Q1 2015 Earnings Conference Call

July 22, 2014 10:00 a.m. ET

Executives

Sandy McLean - Chief Executive Officer

John Calmes, Jr. - VP, Chief Financial Officer and Treasurer

Janet Matricciani – Chief Operating Officer

Analysts

John Rowan - Sidoti & Company

Bob Ramsey - FBR Capital Markets

Henry Coffey - Sterne Agee & Leach

Brian Steck - Mangrove Partners

Operator

Good morning and welcome to the World Acceptance Corporation-Sponsored First Quarter Press Release Conference Call. This call is being recorded. At this time, all participants have been placed on listen-only mode

Before we begin, the Corporation has requested that I make the following announcement. The comments made during the conference call may contain certain forward-looking statements within the meaning of Section 21E of the Securities and Exchange Act that represents the Corporation’s expectations and beliefs concerning future events. Such forward-looking statements are about matters that are inherently subject to risks and uncertainties. Statements other than those of historical fact, as well as those identified by the words anticipate, estimate, intend, plan, expect, believe, may, will and should or any variation of the foregoing and similar expressions are forward-looking statements. Additional information regarding forward-looking statements and any factors that could cause actual results or performance to differ from the expectations expressed or implied in such forward-looking statements are included in the paragraphs discussing forward-looking statements in today’s earnings press release and in the Risk Factors section of the Corporation’s most recent Form 10-K for the fiscal year ended March 31 2014 and subsequent reports filed or furnished to the SEC from time-to-time. The Corporation does not undertake any obligation to make an update to any forward-looking statements it makes.

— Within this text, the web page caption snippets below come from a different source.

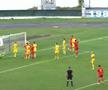 „Tricolorii” U21 au primit gol din corner în Muntenegru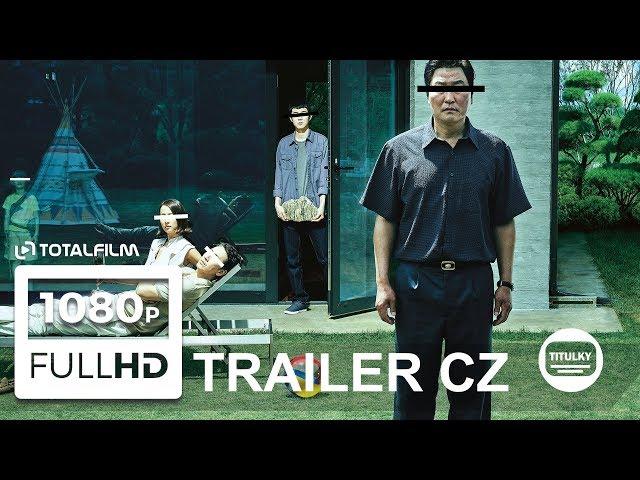 Parazit (2019) CZ HD trailer /Oscar® za Nejlepší film, režii, scénář a zahr. film/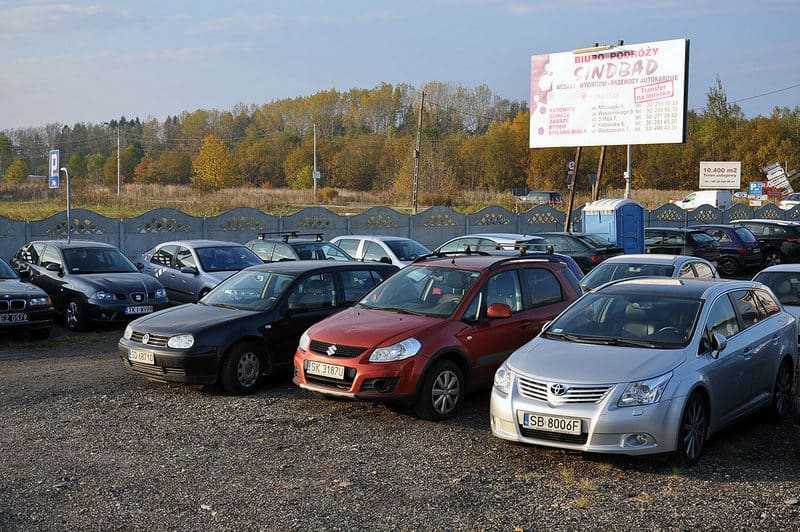 Zdjecie nr 2 parkingu Martom przy lotnisku Katowice-Pyrzowice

At this time, it is my pleasure to turn the floor over to your host, Mr. Sandy McLean, CEO.

Sandy McLean

Thank you, Levi and good morning everybody. I hope you had a chance to review our press release and the narrative that we traditionally disclose. And at this point, I’d like to just get directly to questions. Levi, if you would.

Question-and-Answer Session

Operator

(Operator Instructions). And we’ll go to our first question from John Rowan with Sidoti & Company.

John Rowan - Sidoti & Company

How much of the loan growth that you reported here? Obviously I know accounts were flat year over year, but is there a component of that loan growth that’s basically just the new fees from Texas, North Carolina or Georgia rather and North Carolina?

Sandy McLean

Number one, we are not in North Carolina, but certainly we have had an impact from Texas and Georgia. But I’m not sure I understand the question.

John Rowan - Sidoti & Company

The loan growth, is that being bolstered by the new fees, right?

Sandy McLean

Actually if you look at the growth in the Texas portfolio on a year over year basis, it is in line with the company growth on a year over year basis. So I would not say that Texas is growing more or less that the company as a whole, which obviously is a lot less than it was a couple of years ago. The same could be stated for Georgia. Now at the same time obviously so a greater part of our revenue was being contributed by those States, which is offset. We are not getting the full impact because it’s offset because our renewal volume is down substantially as a result of the change that we put into place at the end of December and the beginning in January. So we continue to have a deterioration in yields because of the shift in mix, the reduced renewal volume, but that has been somewhat offset by the additional fees that we are getting in these two new States. Does that answer your question?

John Rowan - Sidoti & Company

Yeah. That’s fine. Any updates on the CID?

Sandy McLean

No, we have not heard anything from the CFPB at this point.

John Rowan - Sidoti & Company

Okay, you wouldn’t know when the expected resolution of that is going to be at this point, correct?

Sandy McLean

I don’t even know when we are going to hear from them initially and I don’t necessary believe that once we do hear from them that will be the resolution. That will certainly be nice, but we would anticipate possibly additional questions or clarifications or something else. I’ve been lead to believe that this process can take quite some time. But by the same token, we really don’t believe that we are doing anything wrong. It would be very nice if they would finish their review within the six months and go on to a different project.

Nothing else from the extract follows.